Across S1–S6, CTCM-Neo outperforms because it couples a goal-directed generator (constraint-aware proposals + REPAIR) with an uncertainty-aware selector (frozen, calibrated classifier + conformal accept/reject). This combination reduces wasted evaluations, escapes shallow attractors, and improves the chance of reaching a global-quality region rather than settling in local optima. We compare against CTCM-classic (the natural ablation/baseline from the same family), GA (population-based evolutionary search that represents the canonical heuristic for discrete sequences), and SA (a widely used single-trajectory metaheuristic with temperature-controlled exploration). These three span the dominant heuristic paradigms used in sequence design, making the comparison both fair and informative. In summary, Figure 9 (best-so-far objective) and Figure 10 (log-regret) together show that CTCM-Neo converges earlier, maintains higher certainty at its operating point, and avoids local traps more reliably—precisely the properties you want for antimalarial peptide prediction under stringent physicochemical and safety constraints.

Comparative performance

5.5

Among the prior lines most comparable to our goal are proteome-scale PU-learning screens that rank Plasmodium antigens (Chou et al., 2024), reverse-vaccinology pipelines that assemble multi-epitope constructs with docking/MD post-filters (Bhalerao et al., 2024; Mandal et al., 2025), and structure-aware predictors that sharpen HLA/B-cell pre-filters (Jeong et al., 2024; Choi and Kim, 2024). These studies excel at prioritizing existing sequences or protein regions, but they are not de novo pipelines and typically lack calibrated uncertainty control. Large-scale AMP mining expands the global sequence reservoir (Santos-Júnior et al., 2024), while PlasmoFAB standardizes evaluation for antigen discovery (Ditz et al., 2023); again, neither unifies generation with risk-aware screening nor reports external generalization on truly unseen peptide sequences. By contrast, our framework combines a constraint-aware generator (CTCM-Neo) with a frozen, calibrated classifier (ConformaX-PEP) and a conformal acceptance gate, so that design constraints (Charge/GRAVY/Boman), novelty control, and decision uncertainty are handled jointly rather than in loosely coupled steps.
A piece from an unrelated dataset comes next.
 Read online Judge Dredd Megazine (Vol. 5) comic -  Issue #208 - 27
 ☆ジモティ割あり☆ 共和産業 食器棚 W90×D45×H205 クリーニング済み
To directly contextualize our approach against recent state-of-the-art peptide design/screening platforms highlighted by the reviewer (AMPGen/AMP-GEN, AMPSphere workflows, and PlasmoFAB screening), we summarize a capability-level comparison across generation, screening, uncertainty control, and decision policy (Table 10). Because these platforms target different tasks, datasets, and evaluation protocols, we report a methodological (capability-level) comparison rather than a strict head-to-head benchmark.
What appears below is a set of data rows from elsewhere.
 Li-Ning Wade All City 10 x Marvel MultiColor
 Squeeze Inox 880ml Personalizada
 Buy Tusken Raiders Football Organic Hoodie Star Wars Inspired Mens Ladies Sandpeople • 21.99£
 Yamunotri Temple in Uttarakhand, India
Under an equal evaluation budget, identical physicochemical constraints, and the same conformal gate, CTCM-Neo consistently outperforms CTCM (classic), GA, and SA across six scenarios (S1–S6). In Figure 9, it reaches high objective values earlier and more reliably, while Figure 10 shows an order of magnitude faster log-regret decay with low between seed dispersion, which indicates superior sample efficiency, fewer local traps, and a closer approach to the global optimum. This search advantage translates downstream: on 210 unseen peptides (80 AM/130 NM), the pipeline delivers 92.5% to 93.5% accuracy in two independent runs with balanced precision/recall/F1 and minor variability, while maintaining good calibration at the fixed operating point (conformal risk α = 0.10, p_act_ ≥ 0.80, p_hemo_ ≤ 0.20). Prior classifiers aimed at broad antiprotozoal peptides report strong internal AUCs (Periwal et al., 2024) but do not demonstrate this end-to-end, threshold-fixed external generalization on antiplasmodial sequences.

Compared with recent advances, our pipeline occupies a distinct, task-specific niche. Wan et al. (2024) have synthesized the AMP ML landscape, covering models, benchmarks, and translational hurdles, but as a survey, it does not instantiate an operational system. AMPSphere (Santos-Júnior et al., 2024) mines the microbiome at a massive scale and validates hits, yet remains organism agnostic and score-only. AMPGen (Jin et al., 2025) and EBAMP (Zhao et al., 2025) advance de novo AMP design with diffusion or transformer generators plus learned scorers and feature screens, but they do not target malaria-specific constraints or provide risk-calibrated, threshold-fixed decisions. MalariaFlow (Lin et al., 2024) standardizes antimalarial prediction primarily for small molecules rather than peptide construction. In contrast, our approach delivers an end-to-end, antiplasmodial generate-then-classify pipeline: de novo CTCM-Neo proposals are constrained by explicit physicochemical windows, scored by a frozen, temperature-scaled PLM classifier, and passed through a conformal gated acceptance rule that yields uncertainty-aware accept or reject decisions at a fixed operating point.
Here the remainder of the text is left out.